I had great results from Tina T. at Life Spa-NW in San Antonio!

Their number is 210-424-1984.

My hair is lightened but it came out wonderfully straight and in better condition!

I especially liked it that Tina had the Brazilian Blowout process done to her hair so I felt she really understood how to do the procedure.

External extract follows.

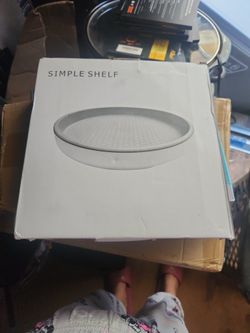 Simple Shelf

As someone who has always wanted relief from my naturally curly/wavy/frizzy hair, I was understandably delighted with the end result.


----------



## i<3handbags

I'd love to get this done, but I don't want my hair to change too much. I have naturally curly hair, but I would like to keep it that way. I don't want it to straighten out.


----------



## a love story

Regarding hair fall out - I have got a BKT 6 times in the last couple of years, and I have never experienced this problem. The curl and frizz does come back after a few months, but I just get it done again. My hair is still wavy, it's just not AS curly, and I can make it straight very very easily. I have even done a BKT one month right after I did one with no bad effects.


----------



## Swanky

^this thread isn't about BKT's.

ihandbags, a true BB brand treatment won't really change that.  It'll rid you of frizz and kind of calm your hair.


----------



## i<3handbags

Good to know, thanks Swanky.


----------



## floridagal23

I got my first BB at Frederic Fekkai in May. It lasted until the beginning of September, when I had it done for a second time. Towards the end, my hair was still easier to blow out than before I had the BB - but the frizz was coming back in the nyc heat and humidity.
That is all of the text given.